A new tool for In-Process identification of micro- and macro-defects during Vacuum Arc Remelt processing of reactive and super alloys
A new tool for In-Process identification of micro- and macro-defects during Vacuum Arc Remelt processing of reactive and super alloys
Wednesday, March 16, 2022: 8:30 AM
106 (Pasadena Convention Center)
It has been well documented that the fluid flow within the melt pool during vacuum arc remelting (VAR) can alter the solidification of the metal, causing changes in both the local chemistry and morphology. These changes manifest as defects such as white spots, freckles, or tree-rings. It is equally well documented that changes in fluid flow are a resultant of the arc dynamics associated with VAR processing. To this end, special attention has been paid to the statistical characterization of the operating conditions to constrain the arc dynamics within an acceptable range.
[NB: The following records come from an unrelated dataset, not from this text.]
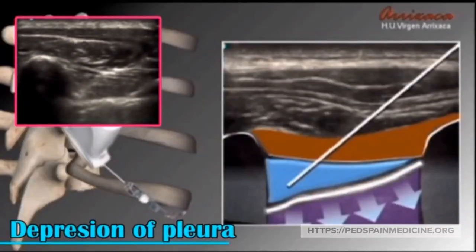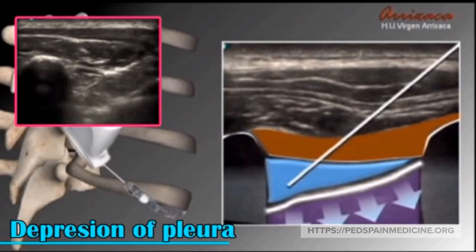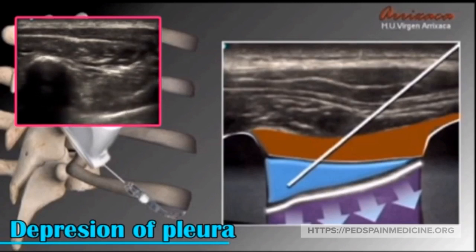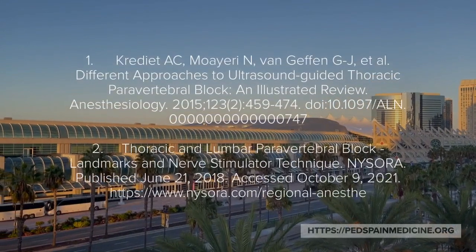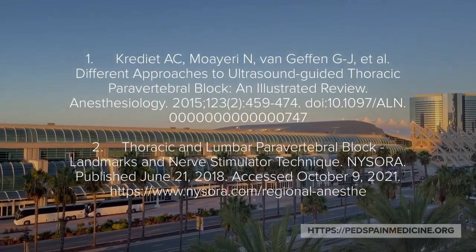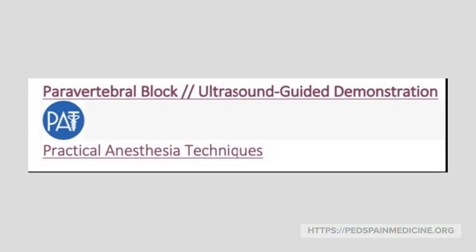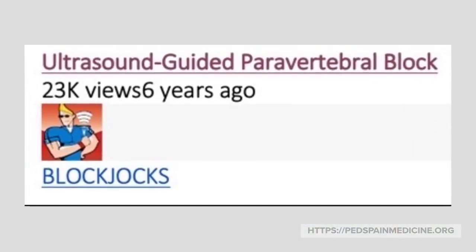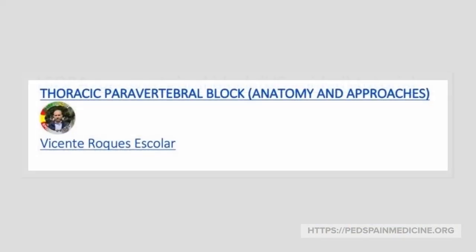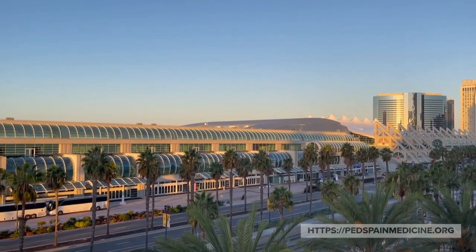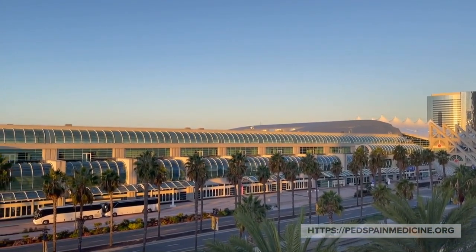Here is another video of a successful paravertebral nerve block with depression of the pleura. Here are articles on the paravertebral nerve block, and we have also used videos from the following sources. From the Society for Pediatric Pain Medicine, we thank you for your time and attention.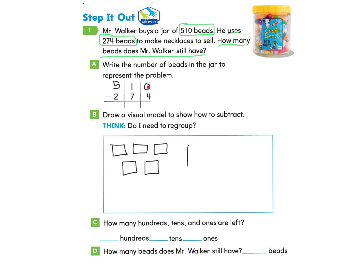I'm going to show my regrouping in red. Starting with zero in the ones, I borrow from the 10 — I cross it out and regroup, making 10 ones. So I've taken that one 10, made it into zero tens, and turned zero ones into 10 ones. Now I can subtract: 10 take away four. I cross out four ones and I am left with six.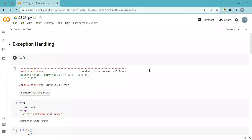Hello, welcome and greetings to the channel Learning Python Programming. In today's session we will discuss exception handling — it's very important for any developers and programmers to know how to handle exceptions. Let's start with the examples.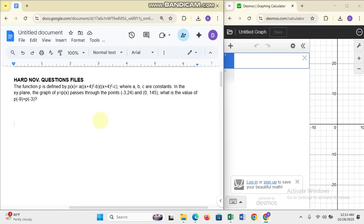The function p is defined by p(x) = a(x+4)² - b(x+4)² - c, where a, b, c are constants. In the xy-plane, the graph of y = p(x) passes through the points (-3, 24) and (0, 145). What is the value of p(-9) + p(0)?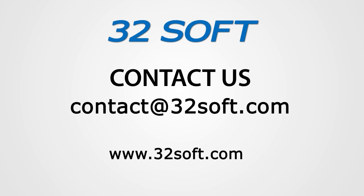And please be sure to visit our website to sign up for our free educational webinars, www.32soft.com. Thank you for your interest in our productivity tools, and for watching this demonstration.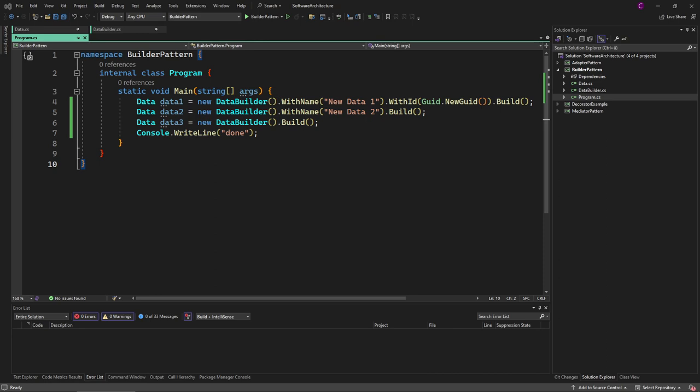Or we can use it also in Entity Framework Core when we create data transfer objects or in testing. For testing you also see this pattern a lot.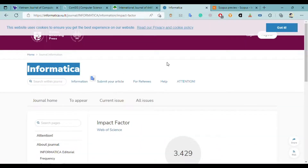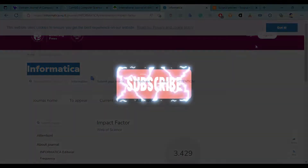These are four open access journals which are free and very fast, so you can easily publish your paper here. That's all from my side in this video — see you next time, thank you.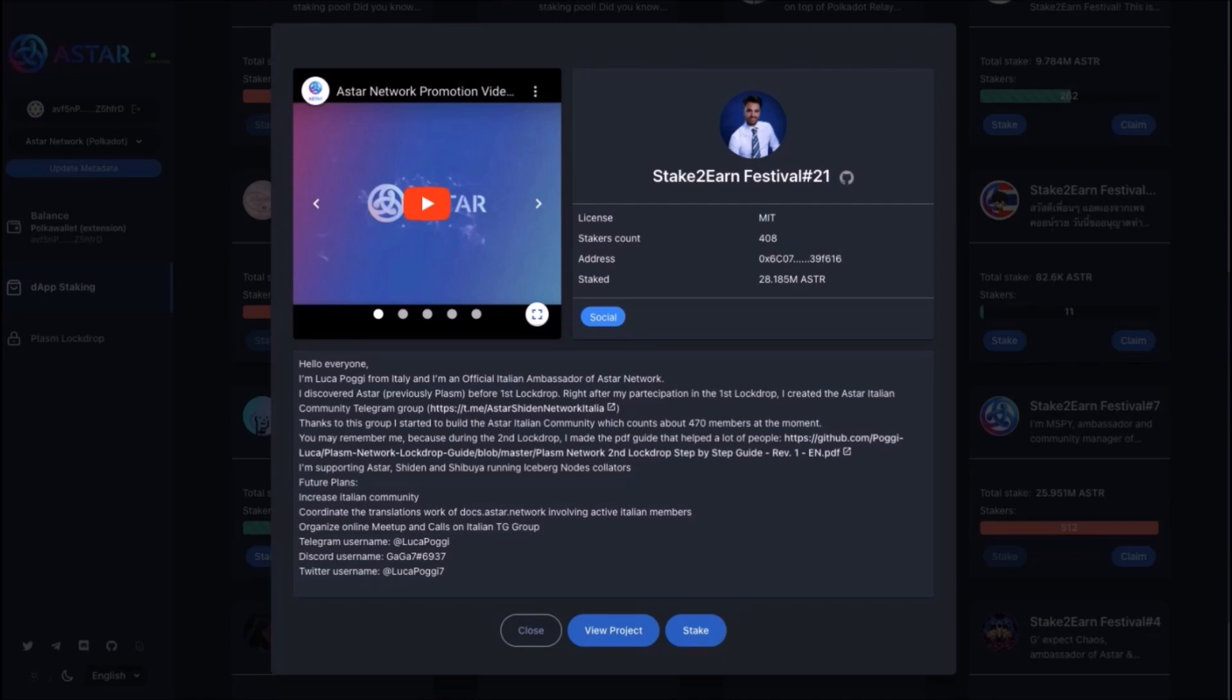All those additional information about dApps built on ASTR will be very useful. Once this staking festival ends and classic dApp staking is launched, all dApps will offer different staking conditions. Some of them will offer different kickoff bonuses, NFTs and other incentives, as is the case with dApp staking on Shiden.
This leads to the creation of “melt recipes” which provide a confidence level that defects aren’t created during the VAR process step. Yet, these types of defects persist even today as evidenced by the Flight 383 (October 28th, 2016) and similar uncontained engine failure events. As the demand for more efficient engines, for example, drives more extreme operating conditions, the resultant demand for fewer and smaller defects becomes paramount. VARmetric is a new measurement system designed to solve exactly this problem. Utilizing the magnetic fields associated with the arc motion, VARmetric “images” the arc dynamics, providing a real time map of heat flux into the melt pool while also providing the necessary 3-D boundary conditions for a digital twinning approach to ingot quality prediction. Here, we identify certain operating conditions during VAR melting that lead to ingot quality concerns. Many of the conditions reported cannot be identified utilizing the existing suite of measurement tools and where the resultant of those conditions cannot be known until further processing, if at all. Most importantly conditions that lead to the types of defects that could create catastrophic stresses in a component can be identified at their onset.